Record-keeping, information provision and inventory update (TSCA, Section 8)
The TSCA Inventory is updated with new chemicals following receipt of notice (Notice of Commencement (NOC)). The NOC needs to be submitted by manufacturers/importers, after completion of the PMN, and within 30 days of the first manufacture/import date. This triggers the addition of the new product onto the Inventory as an ‘existing chemical’.
TSCA directs manufacturers/importers to maintain records throughout the commercialisation of a product, and report to EPA any information indicative of risk to health or the environment.
Certification for import (TSCA, Section 13)

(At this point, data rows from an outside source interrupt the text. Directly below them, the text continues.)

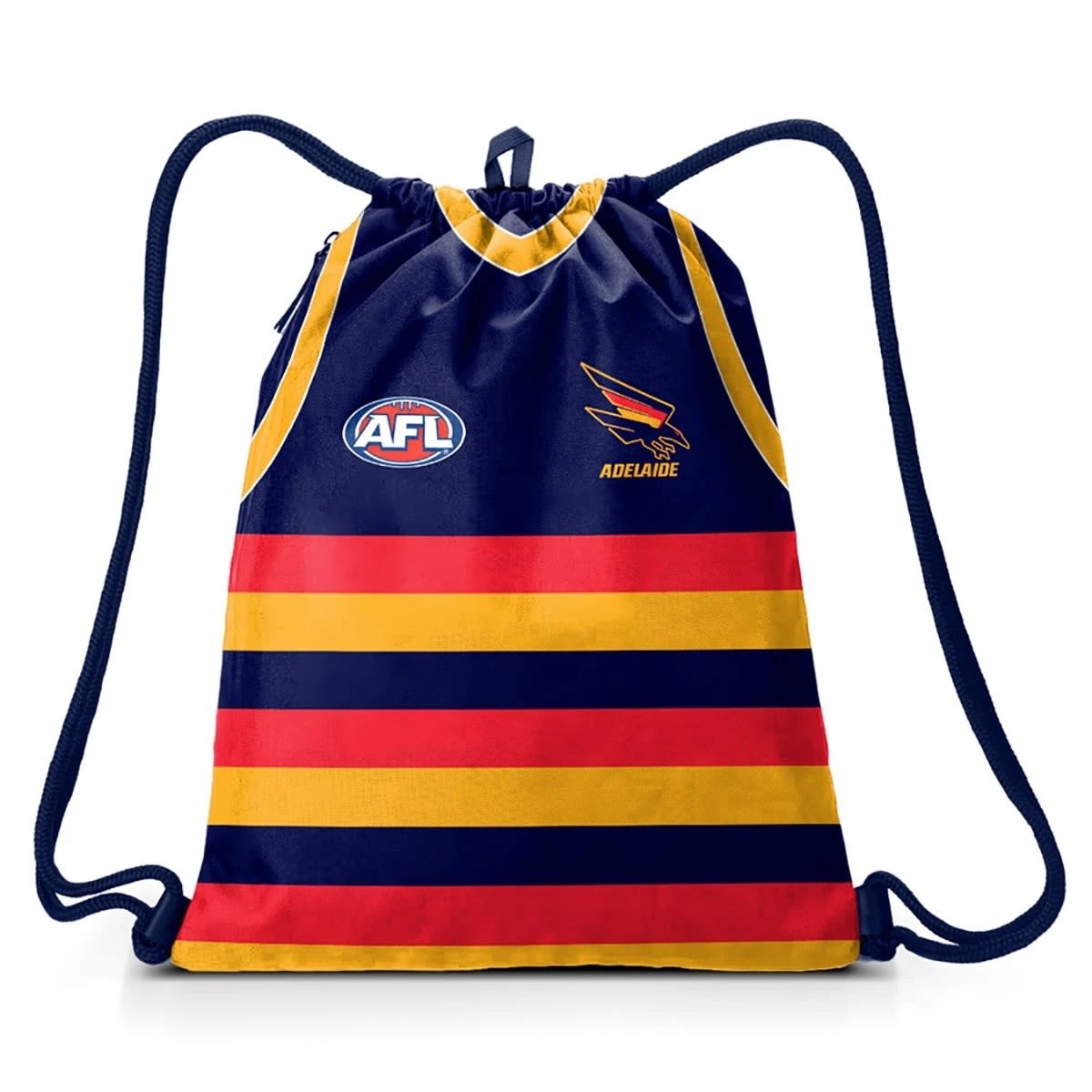 1 AFL Adelaide Drawstring Bag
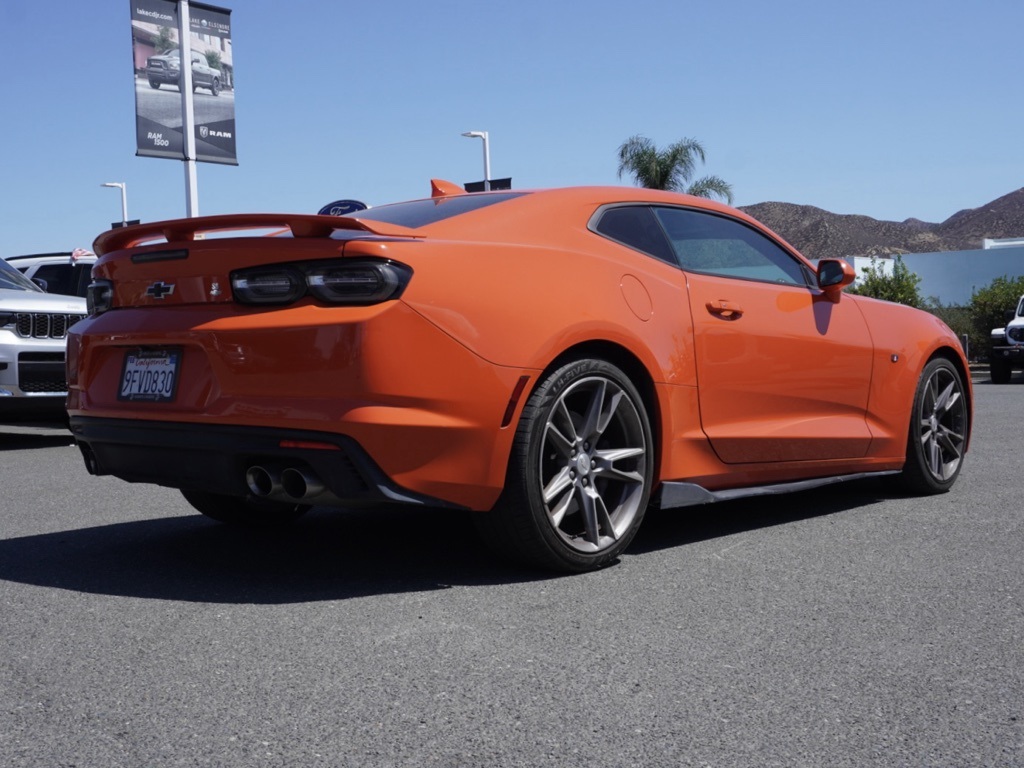 2020 Chevrolet Camaro Sport photo 3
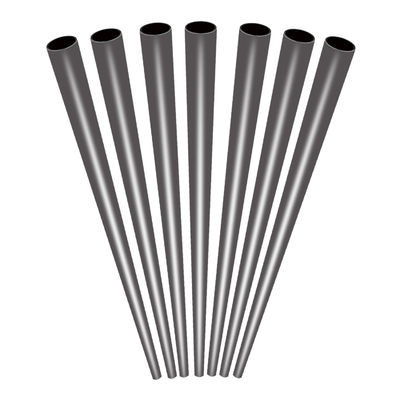 Cue de piscina de fibra de carbono redonda negra con contenido de ceniza del 0% para las necesidades del cliente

Importers of chemical substances into US are required to confirm that their shipment either complies with, or is not subject to, TSCA. Each import of chemicals subject to TSCA requires the signed statement, ‘I certify that all chemical substances in this shipment comply with all applicable rules or orders under TSCA and that I am not offering a chemical substance for entry in violation of TSCA or any applicable rule or order under TSCA’. EPA expects the importer to have the knowledge and documentation to support the certification and reduce risk of violation. Substances in breach of compliance with TSCA are denied entry into the customs territory of US.
Chemicals not subject to TSCA, for example, pesticides, foods, food additives, drugs, cosmetics or devices require signed ‘negative certification’ that ‘…… all chemicals in this shipment are not subject to TSCA’. Certification is not necessary for chemicals that are a part of articles (unless subject to a specific rule under TSCA).
Exceptions and specific requirements are applicable to several aspects of TSCA, but are outside the sphere of this general and introductory article. A company intending to access the US market would be advised to discuss their specific product(s) with a US regulatory representative, to ensure precision compliance with TSCA.